1. What does it mean to be “in escrow”?

When you’re in the process of buying a home, you’re “in escrow” between the time that your offer — with its cash deposit — is accepted and the day that you close and take ownership. That’s usually at least 30 days.

The deposit, often called “earnest money” because it shows that you’re serious, is held “in escrow” — the seller doesn’t get the money until you come to a final agreement on the sale. Then it’s applied to the purchase price.

Depending on where you live, the middle man at this stage might be an individual escrow agent, an attorney, or a title company.
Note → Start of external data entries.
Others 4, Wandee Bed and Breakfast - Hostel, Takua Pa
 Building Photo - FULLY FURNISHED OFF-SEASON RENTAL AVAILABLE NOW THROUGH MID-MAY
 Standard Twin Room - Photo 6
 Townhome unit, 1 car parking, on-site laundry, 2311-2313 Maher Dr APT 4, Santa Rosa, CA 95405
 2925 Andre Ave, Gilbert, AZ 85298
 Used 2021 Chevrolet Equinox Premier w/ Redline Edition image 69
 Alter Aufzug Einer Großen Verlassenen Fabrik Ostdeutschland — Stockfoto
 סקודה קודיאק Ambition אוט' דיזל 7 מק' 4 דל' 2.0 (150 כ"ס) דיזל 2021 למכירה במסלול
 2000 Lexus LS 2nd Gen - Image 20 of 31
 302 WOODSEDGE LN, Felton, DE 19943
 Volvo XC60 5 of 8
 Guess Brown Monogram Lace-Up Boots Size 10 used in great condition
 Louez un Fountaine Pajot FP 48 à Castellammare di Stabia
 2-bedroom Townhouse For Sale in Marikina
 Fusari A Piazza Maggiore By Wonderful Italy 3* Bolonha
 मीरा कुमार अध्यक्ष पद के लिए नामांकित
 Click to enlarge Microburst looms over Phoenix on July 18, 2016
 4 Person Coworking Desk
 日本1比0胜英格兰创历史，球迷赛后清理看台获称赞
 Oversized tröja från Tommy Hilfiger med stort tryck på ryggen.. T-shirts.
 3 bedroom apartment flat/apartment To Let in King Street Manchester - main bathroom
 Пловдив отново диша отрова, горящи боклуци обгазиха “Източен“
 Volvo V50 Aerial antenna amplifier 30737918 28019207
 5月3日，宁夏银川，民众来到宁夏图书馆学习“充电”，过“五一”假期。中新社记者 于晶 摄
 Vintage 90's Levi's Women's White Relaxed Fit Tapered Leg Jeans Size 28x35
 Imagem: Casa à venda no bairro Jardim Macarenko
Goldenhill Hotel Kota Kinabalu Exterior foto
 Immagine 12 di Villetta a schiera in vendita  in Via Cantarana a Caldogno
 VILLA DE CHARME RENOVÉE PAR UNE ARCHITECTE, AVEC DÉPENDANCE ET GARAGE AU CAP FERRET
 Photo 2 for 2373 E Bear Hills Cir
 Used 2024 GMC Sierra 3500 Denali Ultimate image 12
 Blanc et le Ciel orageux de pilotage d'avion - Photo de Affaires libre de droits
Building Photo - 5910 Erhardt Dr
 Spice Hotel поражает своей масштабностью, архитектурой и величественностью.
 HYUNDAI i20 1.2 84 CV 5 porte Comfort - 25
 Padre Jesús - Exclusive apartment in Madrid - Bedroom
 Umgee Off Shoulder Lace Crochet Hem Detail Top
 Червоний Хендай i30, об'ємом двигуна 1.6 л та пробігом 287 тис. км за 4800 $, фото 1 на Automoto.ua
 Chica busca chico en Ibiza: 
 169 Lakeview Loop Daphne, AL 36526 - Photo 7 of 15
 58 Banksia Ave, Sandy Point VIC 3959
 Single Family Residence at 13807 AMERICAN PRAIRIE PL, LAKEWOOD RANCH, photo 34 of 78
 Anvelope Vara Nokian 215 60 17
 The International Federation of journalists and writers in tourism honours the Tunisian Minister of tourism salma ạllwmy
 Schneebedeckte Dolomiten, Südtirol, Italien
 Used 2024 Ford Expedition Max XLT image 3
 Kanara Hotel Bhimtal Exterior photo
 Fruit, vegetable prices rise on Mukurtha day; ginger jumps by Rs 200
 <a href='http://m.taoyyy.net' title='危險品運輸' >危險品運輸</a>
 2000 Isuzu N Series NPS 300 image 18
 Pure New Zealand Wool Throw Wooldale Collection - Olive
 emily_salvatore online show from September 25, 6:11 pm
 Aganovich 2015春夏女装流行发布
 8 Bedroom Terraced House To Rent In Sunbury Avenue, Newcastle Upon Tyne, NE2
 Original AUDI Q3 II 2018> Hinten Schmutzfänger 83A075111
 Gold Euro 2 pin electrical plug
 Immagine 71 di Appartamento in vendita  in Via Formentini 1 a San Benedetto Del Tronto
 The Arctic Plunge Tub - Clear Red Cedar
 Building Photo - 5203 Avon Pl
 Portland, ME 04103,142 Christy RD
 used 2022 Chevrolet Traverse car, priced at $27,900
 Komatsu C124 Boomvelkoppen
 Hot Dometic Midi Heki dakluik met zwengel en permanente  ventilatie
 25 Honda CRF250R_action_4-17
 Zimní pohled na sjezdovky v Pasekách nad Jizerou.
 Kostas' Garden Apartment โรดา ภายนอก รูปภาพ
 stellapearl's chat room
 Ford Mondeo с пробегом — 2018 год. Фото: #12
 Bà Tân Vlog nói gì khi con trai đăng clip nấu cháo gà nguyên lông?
2. What is an escrow account?

Most homeowners have a long-term escrow account, established at closing. The middle man is your loan servicer, and the account is used to collect and hold the portion of your monthly mortgage payment that goes toward property taxes, mortgage insurance, and sometimes homeowners insurance (not all lenders require that homeowners insurance payments be escrowed). When the expenses come due, the servicer pays them for you from the escrow account.

It’s very much like a savings account, but only your loan servicer can make withdrawals.

3. Do I have to set up escrow myself?

No. Not during the sale, and not for the long term at closing. That’s one of the things that a title agent, attorney, or servicer is getting paid to do.

4. How much goes into my escrow account at closing?

As part of the closing costs, lenders often ask buyers to put in two months of estimated property taxes, mortgage insurance payments, and homeowners insurance payments. They like a cushion.

Sometimes you have to pay the entire first year of homeowners insurance up front and immediately start making escrow payments for next year’s bill.

5. Is an escrow account required?

Almost always, because it protects the lender’s investment.

If you were to fall behind on your property taxes, you could end up with a lien on your home — and eventually lose it. As you can imagine, lenders don’t like it when someone else has a claim on your (their) property. And if your homeowners insurance lapsed and your home was seriously damaged, again, the lender’s investment would be in jeopardy.